Esto mismo ocurrió en tantos días alternos, hasta que una
mañana me pidió que no la drogara más, que accedía y aceptaba las cópulas a
cambio de poder hablar conmigo más a menudo. Seguí llevando la máscara, pero ya
no hizo falta sedarla más. Pasados 4 meses desde que la rapté y la encerré,
confesó que creía estar embarazada pues hacía tiempo que no menstruaba. Realizadas
las pertinentes pruebas, el fallo positivo reveló el estado de gracia.

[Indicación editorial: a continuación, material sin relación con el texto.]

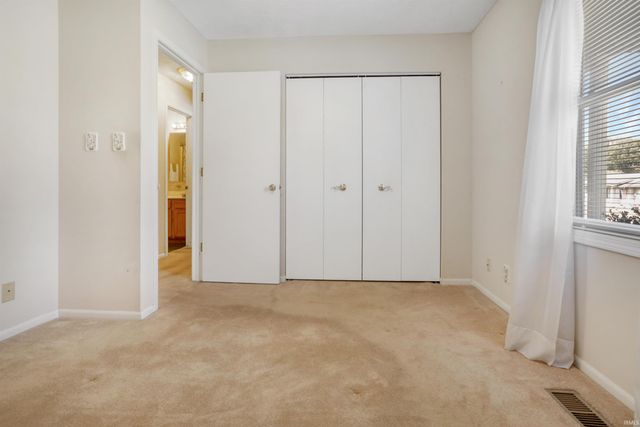 7701 Pendleton Avenue, Evansville, IN 47715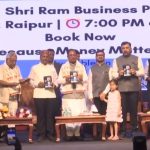 Whatsapp Image 2026 01 22 At 1.46.21 Pm 1.jpeg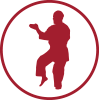 kata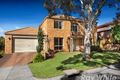 Property photo of 32 Crows Lane Glen Waverley VIC 3150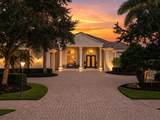 3360 Founders Club Drive - Photo 4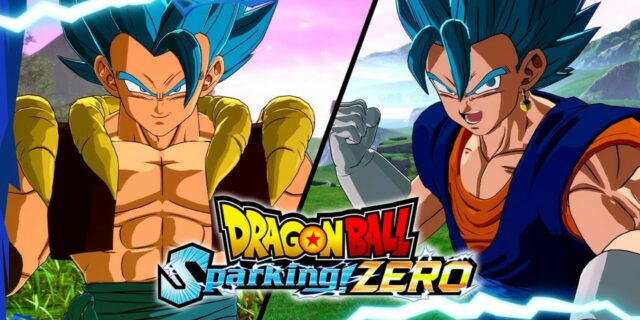 O que saber antes de comprar Dragon Ball: Sparking Zero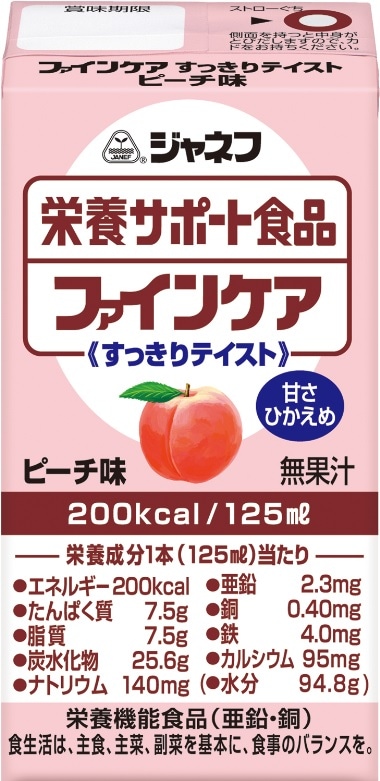 アイソカルゼリーハイカロリー 12種12個セット｜ヤガミホームヘルス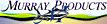 Murray Products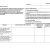 Contract Transition Plan Template Contract Transition Plan Template Sampletemplatess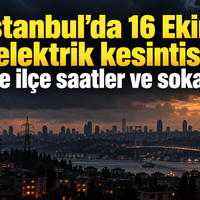 Güncel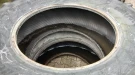 2094_2 Conti 65065R38 23mm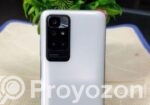Xiaomi Redmi 10 2022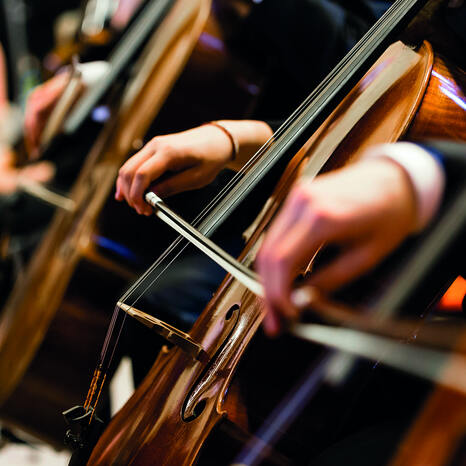 guy-basabose-1b6fnuc8np0-unsplash_q_c_01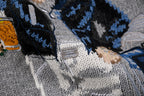 Polo Ralph Lauren Suéter de Tricô Golf Polo Bear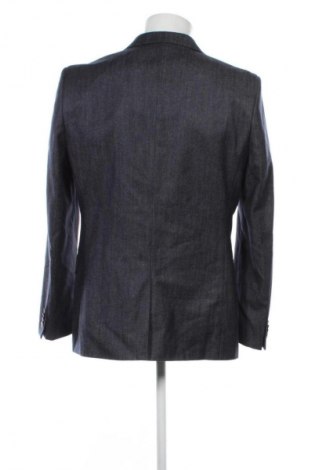 Мъжко сако Bytom, Размер L, Цвят Син, Цена 9,20 €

Al quinto mes de embarazo la liberé en un suburbio, alejado de
dónde había estado en cautividad, y no quise saber nada más de ella. Hasta ese
momento no pensé jamás en tener descendencia, pero algo cambió. Ese hecho
engendró en mi interior una predisposición a transferir mis genes a una futura
generación. Tenía un nuevo objetivo en mi vida, tener descendencia, la máxima
posible, incluso a pesar de hacerlo de maneras poco nobles.”
Se había consumido
casi toda la tarde, Edgar empezaba a mostrar síntomas de cansancio. Era martes,
se disculpó y la encomendó a seguir con la entrevista el siguiente lunes. Y
aunque la periodista dudó, ansiosa de cerrar cuanto antes este capítulo, aceptó
amablemente.
Al siguiente lunes por
la mañana, Agnes se había levantado con malestar general, creía que debía estar
incubando la gripe o algo parecido. Igualmente fue a la residencia donde había
quedado con Edgar y siguieron hablando hasta llegar al almuerzo, tal y como
pasó con Maya, le contó a Agnes lo que padecieron otras 24 mujeres. Entonces,
su nuevo amigo le confesó que era el director de la residencia y la invitó a
almorzar en su despacho, un piso más abajo de la planta noble.
Acabó por sentenciar:
“Calculo que debo tener 24 hijos
desperdigados por el mundo, aunque, siempre existe la posibilidad de que haya
más. Ahora, solo me queda una cosa por hacer, un último descendiente.” Y
dicho esto, Agnes empezó a sentirse mareada, hasta tal punto que perdió el
conocimiento.
Se despertó en una
cama desconocida, sentía náuseas y se dirigió al baño en suite que tenía esa
habitación. Vomitó. Cuando salió del baño se acercó a la única puerta que
advirtió, pudo percatarse que estaba cerrada, empezó a fijarse en la habitación,
no tenía ventanas, no había reloj, ni calendario... Era, como decirlo, tal y
como había descrito Edgar en sus relatos. Empezó a reír nerviosamente, entendió
tras darle muchas vueltas que, la casa que hizo construir Edgar debía ser la
actual residencia, y ella misma, la última víctima del secuestrador persuasivo.